Here is the second guest post by Jeff Siker on how Jesus came to be thought of as completely sinless in early Christianity, a view that probably no one entertained while he was still living.   It’s intriguing and important stuff.

Jeff Siker is the author of Jesus, Sin, and Perfection in Early Christianity, Liquid Scripture: The Bible in the Digital World and Homosexuality and Religion: An Encyclopedia.

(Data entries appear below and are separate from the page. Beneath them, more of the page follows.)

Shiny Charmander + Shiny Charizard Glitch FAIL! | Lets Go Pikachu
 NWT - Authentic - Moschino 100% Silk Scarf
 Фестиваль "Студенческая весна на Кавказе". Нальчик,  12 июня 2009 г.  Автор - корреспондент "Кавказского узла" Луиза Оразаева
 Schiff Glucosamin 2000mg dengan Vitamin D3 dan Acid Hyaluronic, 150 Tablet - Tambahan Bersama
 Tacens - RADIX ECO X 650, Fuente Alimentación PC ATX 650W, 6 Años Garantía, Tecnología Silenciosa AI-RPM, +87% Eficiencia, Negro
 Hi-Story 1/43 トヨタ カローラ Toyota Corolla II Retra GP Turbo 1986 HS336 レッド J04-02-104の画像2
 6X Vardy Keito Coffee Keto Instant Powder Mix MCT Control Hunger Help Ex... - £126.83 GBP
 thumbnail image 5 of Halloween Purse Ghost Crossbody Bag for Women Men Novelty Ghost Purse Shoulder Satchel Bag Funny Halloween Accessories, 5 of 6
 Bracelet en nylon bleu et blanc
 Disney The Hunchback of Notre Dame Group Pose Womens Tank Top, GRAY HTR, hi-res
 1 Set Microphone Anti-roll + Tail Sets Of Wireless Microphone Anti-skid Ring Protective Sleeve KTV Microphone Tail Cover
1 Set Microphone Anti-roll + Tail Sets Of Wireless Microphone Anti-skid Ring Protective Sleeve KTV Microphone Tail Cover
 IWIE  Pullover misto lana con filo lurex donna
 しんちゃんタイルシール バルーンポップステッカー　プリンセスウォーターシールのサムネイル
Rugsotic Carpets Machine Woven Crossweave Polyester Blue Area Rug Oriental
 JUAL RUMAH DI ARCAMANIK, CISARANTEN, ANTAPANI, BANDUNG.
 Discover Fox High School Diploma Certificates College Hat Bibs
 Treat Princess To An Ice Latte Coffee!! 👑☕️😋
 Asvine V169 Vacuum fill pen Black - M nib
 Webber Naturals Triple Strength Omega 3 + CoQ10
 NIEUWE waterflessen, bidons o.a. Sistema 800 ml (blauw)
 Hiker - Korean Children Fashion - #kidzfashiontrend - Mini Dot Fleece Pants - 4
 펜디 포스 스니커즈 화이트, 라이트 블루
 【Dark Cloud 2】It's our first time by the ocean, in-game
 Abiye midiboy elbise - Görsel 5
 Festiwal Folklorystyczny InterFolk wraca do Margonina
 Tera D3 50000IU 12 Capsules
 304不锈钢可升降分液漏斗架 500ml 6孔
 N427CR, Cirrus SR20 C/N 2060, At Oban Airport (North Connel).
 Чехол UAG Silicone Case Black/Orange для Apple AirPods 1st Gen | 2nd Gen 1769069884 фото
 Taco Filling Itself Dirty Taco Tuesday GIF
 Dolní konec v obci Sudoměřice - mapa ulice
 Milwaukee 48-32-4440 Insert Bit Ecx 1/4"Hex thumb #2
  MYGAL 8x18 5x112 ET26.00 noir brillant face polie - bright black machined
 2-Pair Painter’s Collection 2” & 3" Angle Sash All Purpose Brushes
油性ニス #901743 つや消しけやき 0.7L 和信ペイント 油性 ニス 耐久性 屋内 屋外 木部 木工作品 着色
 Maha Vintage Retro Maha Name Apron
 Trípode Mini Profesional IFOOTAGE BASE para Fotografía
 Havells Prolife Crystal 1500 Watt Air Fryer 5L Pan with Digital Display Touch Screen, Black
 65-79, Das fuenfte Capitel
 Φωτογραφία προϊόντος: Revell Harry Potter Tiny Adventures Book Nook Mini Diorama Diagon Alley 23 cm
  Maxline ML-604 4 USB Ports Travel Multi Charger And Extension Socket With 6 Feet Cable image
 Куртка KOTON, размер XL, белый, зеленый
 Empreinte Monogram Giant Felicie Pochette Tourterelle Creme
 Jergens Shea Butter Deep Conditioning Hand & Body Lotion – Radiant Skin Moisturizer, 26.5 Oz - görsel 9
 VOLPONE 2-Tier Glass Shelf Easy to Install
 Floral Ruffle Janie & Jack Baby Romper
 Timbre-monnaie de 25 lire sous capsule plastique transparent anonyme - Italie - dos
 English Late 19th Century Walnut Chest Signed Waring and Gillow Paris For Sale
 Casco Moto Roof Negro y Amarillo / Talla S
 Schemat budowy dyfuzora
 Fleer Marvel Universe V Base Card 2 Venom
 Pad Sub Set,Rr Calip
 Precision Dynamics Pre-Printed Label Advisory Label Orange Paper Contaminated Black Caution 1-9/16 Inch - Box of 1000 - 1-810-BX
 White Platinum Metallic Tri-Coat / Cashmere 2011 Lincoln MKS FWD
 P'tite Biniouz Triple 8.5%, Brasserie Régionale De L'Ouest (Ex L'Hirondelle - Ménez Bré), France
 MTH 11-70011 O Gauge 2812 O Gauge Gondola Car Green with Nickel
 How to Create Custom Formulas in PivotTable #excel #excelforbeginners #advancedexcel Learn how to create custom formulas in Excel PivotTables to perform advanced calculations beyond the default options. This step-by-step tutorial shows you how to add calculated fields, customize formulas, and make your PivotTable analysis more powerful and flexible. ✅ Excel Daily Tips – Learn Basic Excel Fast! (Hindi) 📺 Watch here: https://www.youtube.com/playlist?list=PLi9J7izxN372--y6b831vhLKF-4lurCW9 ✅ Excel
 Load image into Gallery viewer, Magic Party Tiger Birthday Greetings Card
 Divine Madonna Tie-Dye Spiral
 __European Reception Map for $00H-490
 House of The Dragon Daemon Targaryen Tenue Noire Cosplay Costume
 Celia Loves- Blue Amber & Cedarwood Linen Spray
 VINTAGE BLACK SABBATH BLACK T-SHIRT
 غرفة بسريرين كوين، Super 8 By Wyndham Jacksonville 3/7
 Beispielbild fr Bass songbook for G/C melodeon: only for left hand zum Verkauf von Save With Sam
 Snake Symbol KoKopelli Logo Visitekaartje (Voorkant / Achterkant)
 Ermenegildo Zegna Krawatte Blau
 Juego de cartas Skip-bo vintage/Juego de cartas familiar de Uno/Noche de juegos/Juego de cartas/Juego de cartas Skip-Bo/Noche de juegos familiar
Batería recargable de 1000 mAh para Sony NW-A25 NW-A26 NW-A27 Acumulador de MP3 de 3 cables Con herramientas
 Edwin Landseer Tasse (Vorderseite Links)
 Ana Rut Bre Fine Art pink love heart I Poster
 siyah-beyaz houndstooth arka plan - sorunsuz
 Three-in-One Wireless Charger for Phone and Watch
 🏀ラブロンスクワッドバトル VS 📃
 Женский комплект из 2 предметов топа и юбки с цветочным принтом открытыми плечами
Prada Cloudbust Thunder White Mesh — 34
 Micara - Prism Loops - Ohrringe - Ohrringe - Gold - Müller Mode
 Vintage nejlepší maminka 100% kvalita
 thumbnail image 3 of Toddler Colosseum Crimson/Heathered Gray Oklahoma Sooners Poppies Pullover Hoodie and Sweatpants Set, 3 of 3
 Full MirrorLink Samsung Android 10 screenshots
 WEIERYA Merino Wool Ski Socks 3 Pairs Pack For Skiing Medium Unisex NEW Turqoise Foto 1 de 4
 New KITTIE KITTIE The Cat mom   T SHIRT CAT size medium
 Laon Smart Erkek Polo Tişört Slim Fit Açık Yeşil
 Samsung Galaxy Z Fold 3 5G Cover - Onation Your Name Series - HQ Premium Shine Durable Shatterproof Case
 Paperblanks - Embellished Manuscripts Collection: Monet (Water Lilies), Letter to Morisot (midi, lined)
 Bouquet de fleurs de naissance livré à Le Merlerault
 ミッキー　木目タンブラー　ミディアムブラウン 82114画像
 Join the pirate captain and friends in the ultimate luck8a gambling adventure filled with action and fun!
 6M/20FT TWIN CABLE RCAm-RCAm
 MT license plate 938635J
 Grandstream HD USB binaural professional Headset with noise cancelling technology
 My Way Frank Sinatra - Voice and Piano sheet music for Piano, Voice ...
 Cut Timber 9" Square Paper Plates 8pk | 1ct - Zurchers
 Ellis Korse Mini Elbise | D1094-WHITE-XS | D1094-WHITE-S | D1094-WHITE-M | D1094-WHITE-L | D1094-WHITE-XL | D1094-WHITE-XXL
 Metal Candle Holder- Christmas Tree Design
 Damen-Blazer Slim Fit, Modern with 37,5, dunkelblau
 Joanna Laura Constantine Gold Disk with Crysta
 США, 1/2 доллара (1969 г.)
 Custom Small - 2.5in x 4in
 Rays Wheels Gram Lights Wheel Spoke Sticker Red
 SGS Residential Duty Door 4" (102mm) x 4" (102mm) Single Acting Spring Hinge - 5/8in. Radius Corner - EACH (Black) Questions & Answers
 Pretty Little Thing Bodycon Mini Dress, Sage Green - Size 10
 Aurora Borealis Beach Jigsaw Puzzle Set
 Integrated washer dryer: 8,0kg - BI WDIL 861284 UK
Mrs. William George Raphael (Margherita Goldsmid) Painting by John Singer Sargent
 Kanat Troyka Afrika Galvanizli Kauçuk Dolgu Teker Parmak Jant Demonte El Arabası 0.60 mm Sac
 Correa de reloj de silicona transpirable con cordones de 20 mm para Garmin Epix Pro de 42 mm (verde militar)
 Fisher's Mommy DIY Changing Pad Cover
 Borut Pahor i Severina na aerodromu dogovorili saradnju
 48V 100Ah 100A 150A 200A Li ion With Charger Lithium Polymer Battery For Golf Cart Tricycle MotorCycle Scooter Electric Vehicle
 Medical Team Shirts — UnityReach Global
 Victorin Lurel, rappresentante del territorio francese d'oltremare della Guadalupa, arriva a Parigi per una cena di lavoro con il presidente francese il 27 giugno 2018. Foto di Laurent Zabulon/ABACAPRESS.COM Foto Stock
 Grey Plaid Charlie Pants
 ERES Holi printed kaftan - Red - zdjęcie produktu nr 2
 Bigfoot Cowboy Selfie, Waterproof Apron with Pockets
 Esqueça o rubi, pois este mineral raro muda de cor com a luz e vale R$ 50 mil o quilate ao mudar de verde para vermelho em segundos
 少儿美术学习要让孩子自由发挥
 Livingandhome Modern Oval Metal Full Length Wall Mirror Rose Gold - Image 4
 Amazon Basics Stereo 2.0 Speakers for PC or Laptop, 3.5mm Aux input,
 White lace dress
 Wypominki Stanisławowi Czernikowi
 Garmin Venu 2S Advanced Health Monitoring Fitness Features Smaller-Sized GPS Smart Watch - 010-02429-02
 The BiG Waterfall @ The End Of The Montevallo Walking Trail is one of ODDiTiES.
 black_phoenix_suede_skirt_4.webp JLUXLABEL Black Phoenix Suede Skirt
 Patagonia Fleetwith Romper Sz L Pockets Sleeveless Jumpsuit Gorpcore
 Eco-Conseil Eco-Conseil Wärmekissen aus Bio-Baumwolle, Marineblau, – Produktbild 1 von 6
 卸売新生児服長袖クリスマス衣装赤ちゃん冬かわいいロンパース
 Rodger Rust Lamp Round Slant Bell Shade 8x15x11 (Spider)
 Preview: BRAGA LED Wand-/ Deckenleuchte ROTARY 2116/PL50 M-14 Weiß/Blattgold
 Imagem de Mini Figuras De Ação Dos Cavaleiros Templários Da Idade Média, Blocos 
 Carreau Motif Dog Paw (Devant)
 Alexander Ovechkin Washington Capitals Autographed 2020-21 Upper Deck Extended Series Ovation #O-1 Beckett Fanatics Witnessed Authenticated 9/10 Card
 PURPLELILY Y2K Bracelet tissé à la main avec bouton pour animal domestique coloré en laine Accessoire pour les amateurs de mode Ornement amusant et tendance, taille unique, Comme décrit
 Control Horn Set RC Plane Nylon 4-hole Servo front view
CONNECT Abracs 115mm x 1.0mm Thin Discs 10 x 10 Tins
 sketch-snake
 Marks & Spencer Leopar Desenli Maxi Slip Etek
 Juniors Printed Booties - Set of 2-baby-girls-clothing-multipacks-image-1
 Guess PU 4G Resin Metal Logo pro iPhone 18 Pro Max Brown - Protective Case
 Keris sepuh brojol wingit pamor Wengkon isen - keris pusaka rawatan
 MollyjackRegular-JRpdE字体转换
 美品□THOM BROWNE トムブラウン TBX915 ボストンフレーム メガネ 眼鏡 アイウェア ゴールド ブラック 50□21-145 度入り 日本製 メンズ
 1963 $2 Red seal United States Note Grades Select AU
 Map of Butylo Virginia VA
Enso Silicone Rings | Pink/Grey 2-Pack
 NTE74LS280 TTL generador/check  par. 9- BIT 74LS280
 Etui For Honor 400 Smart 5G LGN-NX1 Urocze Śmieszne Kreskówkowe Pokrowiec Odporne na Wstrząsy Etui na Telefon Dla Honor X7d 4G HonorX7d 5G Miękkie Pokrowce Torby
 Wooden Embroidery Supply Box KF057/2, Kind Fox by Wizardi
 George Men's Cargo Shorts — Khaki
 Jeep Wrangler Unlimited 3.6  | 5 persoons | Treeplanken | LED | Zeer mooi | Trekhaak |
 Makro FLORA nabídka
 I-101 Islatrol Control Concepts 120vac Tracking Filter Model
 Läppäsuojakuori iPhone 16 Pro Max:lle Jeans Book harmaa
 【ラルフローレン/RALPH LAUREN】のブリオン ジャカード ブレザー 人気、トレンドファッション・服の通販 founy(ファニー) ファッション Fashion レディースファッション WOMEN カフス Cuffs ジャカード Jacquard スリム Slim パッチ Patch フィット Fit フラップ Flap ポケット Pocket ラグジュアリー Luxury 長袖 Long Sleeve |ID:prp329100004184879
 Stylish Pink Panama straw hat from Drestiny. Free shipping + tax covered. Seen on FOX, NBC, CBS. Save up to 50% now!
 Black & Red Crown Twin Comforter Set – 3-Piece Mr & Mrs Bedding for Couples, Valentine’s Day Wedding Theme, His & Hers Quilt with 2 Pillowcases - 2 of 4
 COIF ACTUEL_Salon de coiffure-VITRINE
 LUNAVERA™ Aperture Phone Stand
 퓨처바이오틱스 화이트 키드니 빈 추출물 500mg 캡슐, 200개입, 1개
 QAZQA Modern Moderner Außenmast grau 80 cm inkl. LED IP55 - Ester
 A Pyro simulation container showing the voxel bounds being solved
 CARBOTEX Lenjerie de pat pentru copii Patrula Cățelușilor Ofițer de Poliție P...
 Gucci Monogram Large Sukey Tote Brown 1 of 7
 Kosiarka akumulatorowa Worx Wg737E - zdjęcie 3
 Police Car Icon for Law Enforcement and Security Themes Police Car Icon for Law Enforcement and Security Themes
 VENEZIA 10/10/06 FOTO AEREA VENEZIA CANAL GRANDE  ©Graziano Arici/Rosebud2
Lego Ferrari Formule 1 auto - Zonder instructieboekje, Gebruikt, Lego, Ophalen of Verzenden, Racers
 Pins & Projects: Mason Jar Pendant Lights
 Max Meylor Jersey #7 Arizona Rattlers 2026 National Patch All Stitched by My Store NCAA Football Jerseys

This particular post is available to everyone; to see most of the posts on the blog, and the other posts on this topic itself by Prof. Siker, you will need to join.  Won’t cost much.  Will pay huge dividends.  And all money goes to those in need.  So what’s the downside?  

 

Jesus and Sinlessness, Part 2: From Retrospection to Retrojection

In the first blog post I showed how the earliest Christians were forced to make sense of the death of Jesus in light of belief in his resurrection.  Why had the one they “had hoped” would redeem Israel died at the hands of the Romans by means of crucifixion?  To answer this question the early believers turned both to their Jewish scriptures and to their ritual life associated with the Jerusalem Temple and its sacrificial cult.  In scripture they found echoes that resonated with their experience, especially such passages as Isaiah 53 in relation to the death of Jesus, and Psalm 110 in relation to their conviction that Jesus had been raised to the right hand of God.  Appeals to specific proof-texts also led to generic assertions that the death and resurrection of Jesus was to be found in scripture.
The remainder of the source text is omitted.